Two waves of Iranian drones struck Kuwait's Mina Al-Ahmadi refinery early Friday morning, March 20, 2026, setting fires across multiple processing units for the second consecutive day [1]. The attack, timed to coincide with Eid al-Fitr celebrations marking the end of Ramadan, is part of a sweeping Iranian campaign against Gulf Arab energy infrastructure that has sent global oil prices surging past $110 per barrel and raised the prospect of the most severe energy supply disruption since the 1970s [2][3].

The Scale of Damage

Kuwait Petroleum Corporation (KPC) confirmed that multiple drone strikes hit operational units at Mina Al-Ahmadi early Friday, igniting fires that forced the shutdown of several processing units [4]. No casualties were reported in either the Thursday or Friday attacks, according to preliminary assessments by KPC [5].

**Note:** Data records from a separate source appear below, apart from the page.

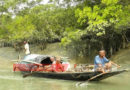 সুন্দরবন উপকূলের জেলেদের জীবন হতাশাগ্রস্থ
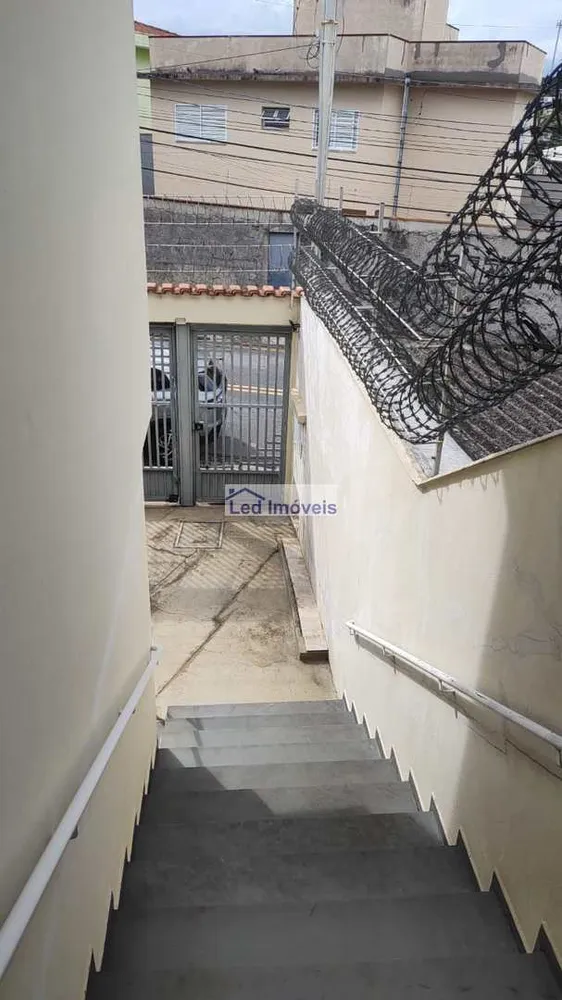 Sobrado, 3 quartos, 140 m² - Foto 12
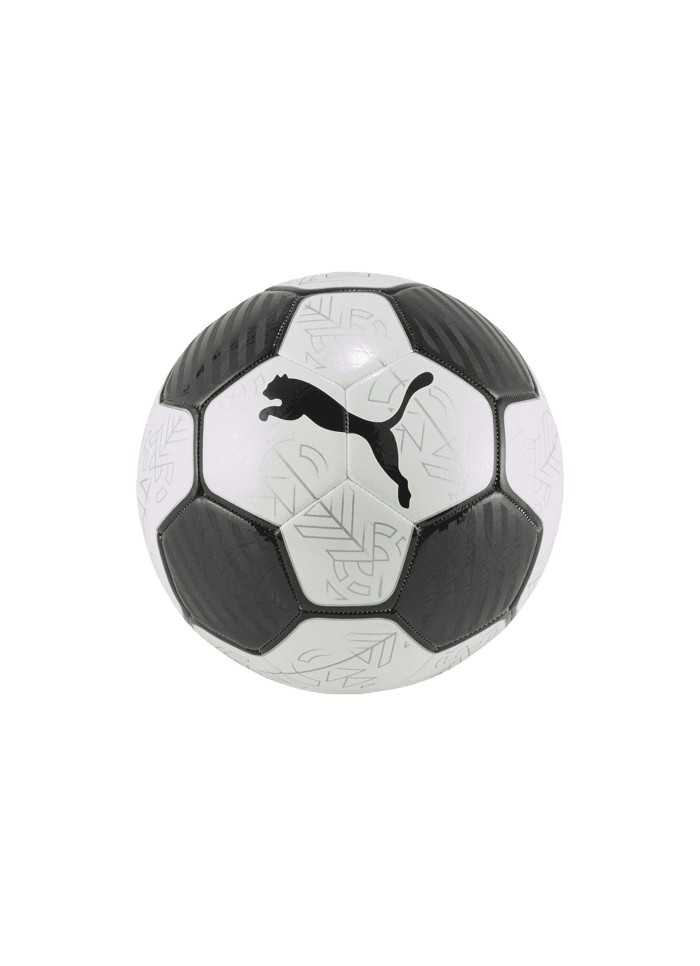 achat Ballon de football Puma PRESTIGE BALL blanc face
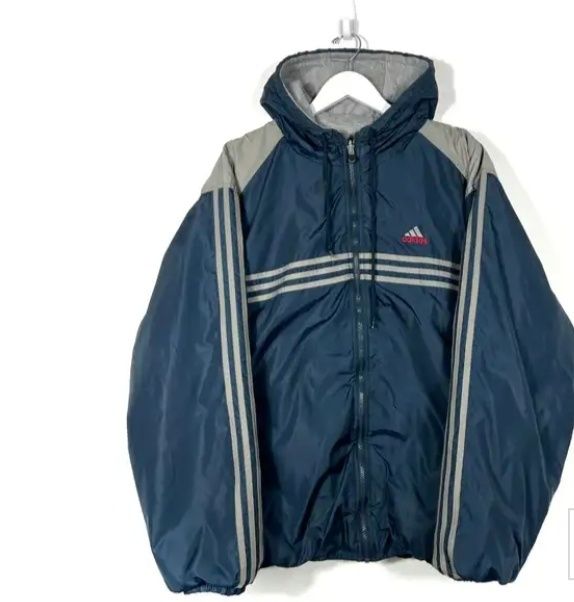 Vintage ADIDAS !Оригінал! В наявності.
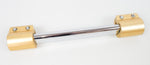 OTK Tony Kart 401RR Flat Front Torsion Bar & Clamps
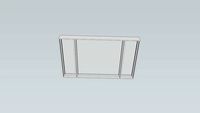 casement window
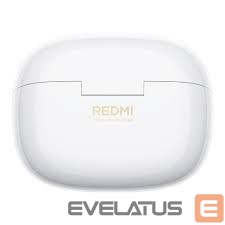 Juhtmevabad kõrvaklapid Xiaomi Earbuds Redmi Buds 8 Pro Cloud White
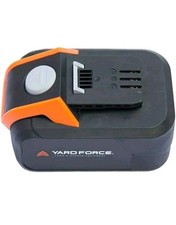 Yard Force 40V 2.5Ah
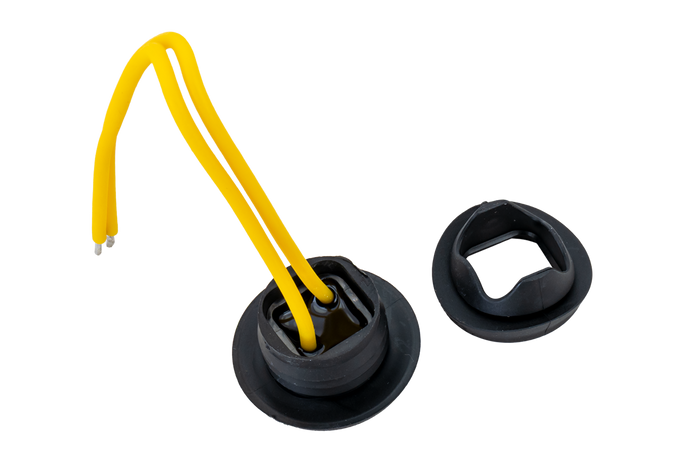 FRISTOM FT-074Z LED Λαμπτήρας Universal Marker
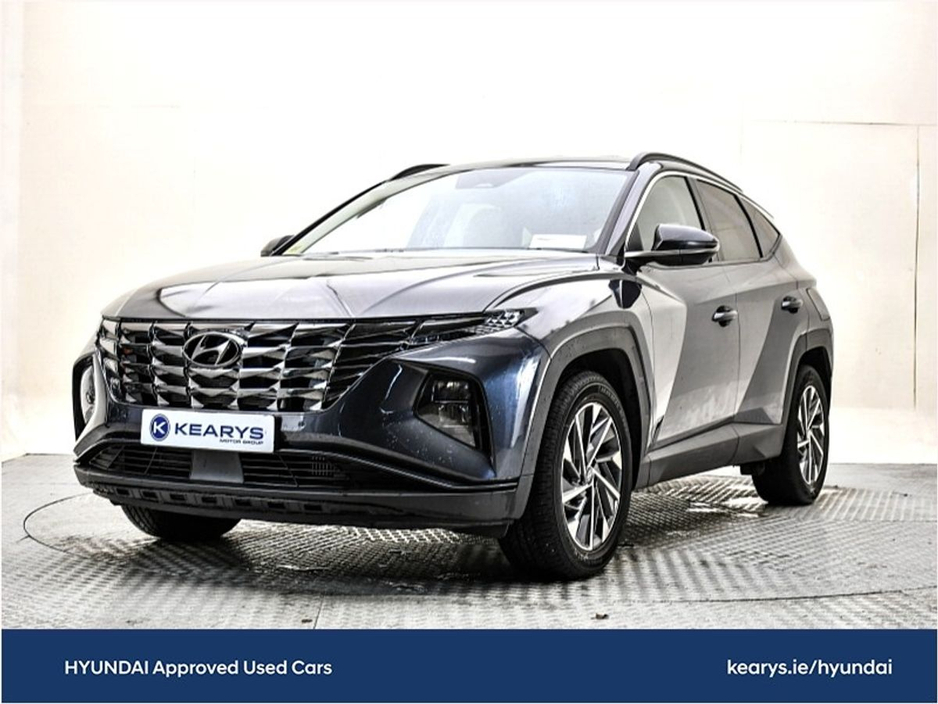 2023 Hyundai Tucson 2WD Executive Plus €34,490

The refinery's capacity figures vary across sources. KPC's official filings list Mina Al-Ahmadi's processing capacity at 346,000 barrels per day (bpd), while the facility's broader complex—including gas processing and condensate operations—handles significantly more [6]. Several wire reports have cited a 730,000 bpd figure, which appears to reflect the combined capacity of Kuwait National Petroleum Company's (KNPC) two refineries, Mina Al-Ahmadi and Mina Abdullah, which together process approximately 690,000 bpd [7]. KPC announced it had suspended operations at both refineries following the drone strikes [8].

No official repair timeline has been disclosed. Given the precedent of the 2019 Abqaiq-Khurais attack in Saudi Arabia—where repairs to a facility processing 5.7 million bpd took approximately two weeks for partial restoration—analysts expect weeks to months before full operations resume, depending on the extent of structural damage to processing units [9].

Kuwait's Place in Global Oil Supply

Kuwait produced approximately 2.4 million barrels of oil per day prior to the conflict, making it OPEC's sixth-largest producer [10]. The shutdown of both KNPC refineries does not immediately halt Kuwait's crude oil extraction, but it eliminates the country's domestic refining capacity, forcing a choice between exporting unrefined crude—if export routes remain available—or cutting production entirely.

That choice has been complicated by Iran's effective closure of the Strait of Hormuz, the narrow waterway through which roughly 20 million barrels of oil transit daily, representing about 20% of global seaborne oil trade [11]. Iran achieved this not through a traditional naval blockade but through repeated drone strikes near the strait, prompting insurers and shipping companies to declare the route unsafe [12]. Kuwait and Bahrain had already cut back oil production before the refinery strikes due to lack of storage capacity and blocked export routes [13].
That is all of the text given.